Denn wie bei Teilwertabschreibungen auf Beteiligungen würde die Berücksichtigung verlustbedingter Teilwertabschreibungen auf diese Forderungen bei bestehender gewerbesteuerrechtlicher Organschaft zu einer doppelten Entlastung des Organträgers im Erhebungszeitraum führen, nämlich durch die Zusammenfassung des eigenen, durch die verlustbedingte Teilwertabschreibung geminderten Gewerbeertrags mit dem negativen Gewerbeertrag der Organgesellschaft.

a) Dem steht nicht entgegen, dass --wie die Klägerin vorträgt-- die Darlehensverbindlichkeiten bei der Organgesellschaft weiterhin passiviert werden. Denn das Imparitätsprinzip ist gerade die Ursache dafür, dass sich die Verluste --ohne Korrekturen-- im Streitjahr doppelt auswirken würden.

b) Demnach ist auch ohne Bedeutung, dass --wie die Klägerin vorträgt-- der Ertrag und der Aufwand aus dem Ausfall einer Forderung aufgrund bilanzieller Vorschriften bei unterschiedlichen Rechtsträgern zu erfassen sind.

c) Der Einwand der Klägerin, nach dem BFH-Urteil vom 14. Januar 2009 I R 52/08 (BFHE 224, 132, BStBl II 2009, 674) seien Gewinnminderungen i.S. des § 8b Abs. 3 Satz 2 KStG i.d.F. des Gesetzes zur Umsetzung der Protokollerklärung der Bundesregierung zur Vermittlungsempfehlung zum Steuervergünstigungsabbaugesetz vom 22. Dezember 2003 (BGBl I 2003, 2840) zwar Teilwertabschreibungen auf Beteiligungen, nicht aber Teilwertabschreibungen auf Darlehen, führt zu keinem anderen Ergebnis. Denn diese Regelung galt im Streitjahr noch nicht und kann deshalb zur Auslegung nicht herangezogen werden. Darüber hinaus steht diese Vorschrift im Zusammenhang mit der Steuerbefreiung von Anteilsveräußerungen nach § 8b Abs. 2 KStG. Hier geht es jedoch um § 2 Abs. 2 Satz 2 GewStG, wonach die Organgesellschaft als Betriebsstätte des Organträgers gilt.

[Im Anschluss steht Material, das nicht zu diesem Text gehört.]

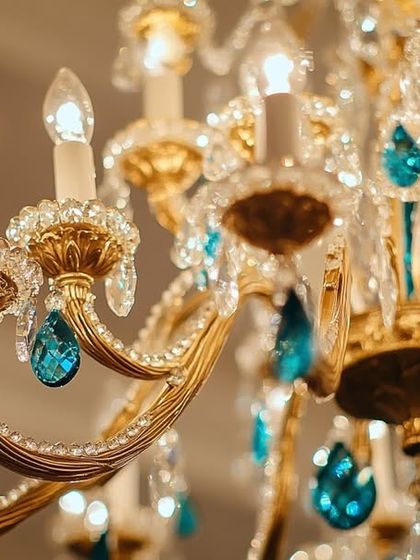 A close-up view of a classic gold and crystal chandelier, highlighting the intricate craftsmanship and the vibrant teal accents. This is a true masterpiece, designed for homes that deserve more than just light.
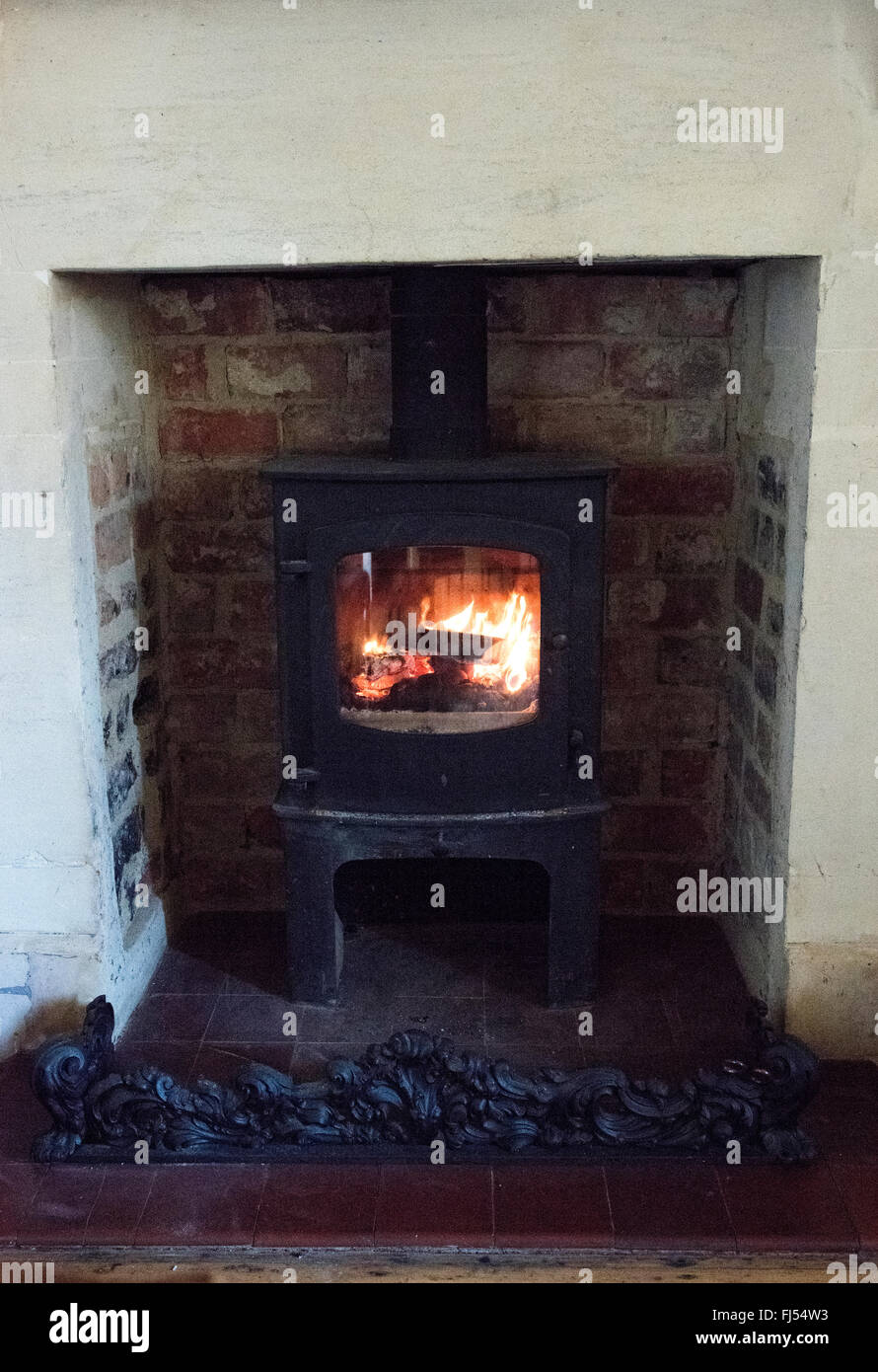 A closeup shot of pieces of wood burning inside old metal oven Stock Photo  - Alamy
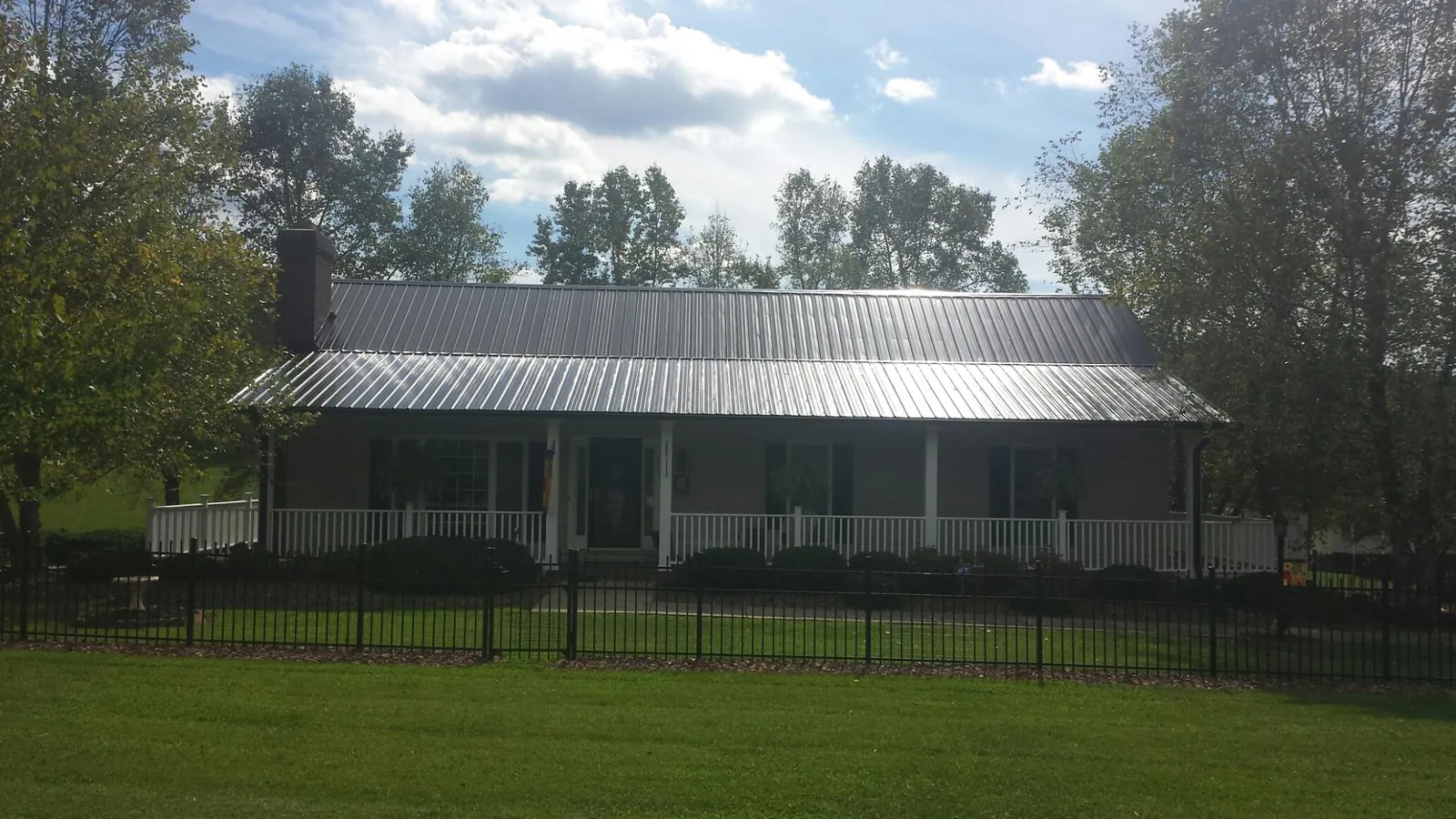 Gray metal roof on a brick ranch with a full width front porch — Gutter Guard Installation work by our crew in North Conway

4. Allerdings darf die Hinzurechung der Teilwertabschreibung auf die Darlehen nicht dazu führen, dass in zukünftigen Erhebungszeiträumen Gewinne aufgrund von bilanziellen Veränderungen bei der Organträgerin (insbesondere durch Wertaufholung) oder der Organgesellschaft (z.B. bei Darlehensverzicht) den Gewerbeertrag erhöhen, während die Teilwertabschreibung auf die Darlehen unberücksichtigt geblieben ist. Dem steht das objektive Nettoprinzip entgegen. Dies gilt während der Organschaft und nach deren Beendigung gleichermaßen. Der Senat hat im Hinblick auf die Verhältnisse im Streitjahr keine Veranlassung, über den Zeitpunkt oder das Verfahren zur Berücksichtigung der Gewinnminderung in Folgejahren zu entscheiden.

5. Die Teilwertabschreibung einer Forderung hängt von der Zahlungsfähigkeit und damit vom Vermögen des Schuldners ab. Da Verluste das Betriebsvermögen des Schuldners mindern, beruht die Teilwertabschreibung auf eine Forderung stets zumindest auch auf erlittenen Verlusten, soweit der Betrag der Teilwertabschreibung den Betrag dieser Verluste nicht übersteigt.

So liegt der Streitfall: Der Betrag der Teilwertabschreibung war geringer als der aufgrund der Verluste nicht durch Eigenkapital gedeckte Fehlbetrag der Organgesellschaft.